Nonparametrics and semiparametrics. Bayesian nonparametrics is viewed by some of my respondents as a class of methods looking for a problem, and so the main open problem in Bayesian nonparametrics is (for some people) that of finding a characterization of classes of problems for which these tools are worth the trouble. . . . problems surrounding prior specification and identifiability were viewed as particularly virulent in the nonparametric setting. David Dunson: “Nonparametric Bayes models involve infinitely many parameters and priors are typically chosen for convenience with hyperparameters set at seemingly reasonable values with no proper objective or subjective justification.” . . .
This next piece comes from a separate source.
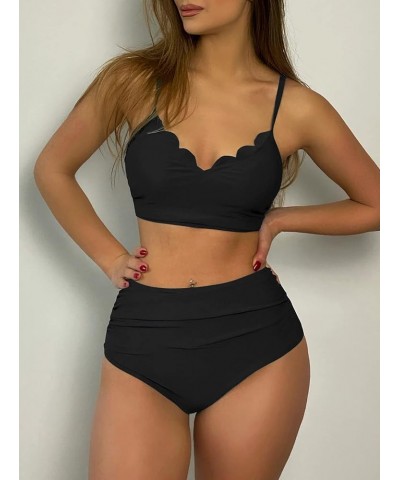 Women's Crisscross Ruched High Waisted Bottom Bikini Set Two Piece Swimsuit Tankini P-black $19.94 Swimsuits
Priors. Not surprisingly, priors were on the minds of many. Elicitation remains a major source of open problems. Tony O’Hagan avers: “When it comes to eliciting distributions for two or more uncertain quantities we are working more or less in the dark.” Mike West pointed to the fact that many scientific fields express their prior knowledge in terms of “scientifically predictive models,” and using these models in a statistical setting involves the quintessentially Bayesian tasks of understanding assumptions and conducting detailed sensitivity analyses. . . .
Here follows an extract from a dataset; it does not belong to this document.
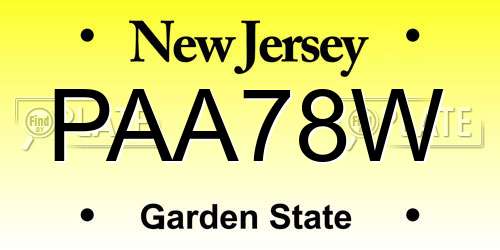 PAA78W New Jersey License Plate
Bayesian/frequentist relationships. As already mentioned in the nonparametrics section, many respondents expressed a desire to further hammer out Bayesian/frequentist relationships. . . . whether there might be a sense in which it is worthwhile to give up some Bayesian coherence in return for some of the advantages of the frequentist paradigm, including simplicity of implementation and computational tractability.
Computation and statistics. It was interesting to see some disagreement on the subject of computation, with some people feeling that MCMC has tamed the issue, and with others (the majority by my count) opining that many open problems remain. . . . Rob Kass raised the possibility of a notion of “inferential solvability,” where some problems are understood to be beyond hope . . .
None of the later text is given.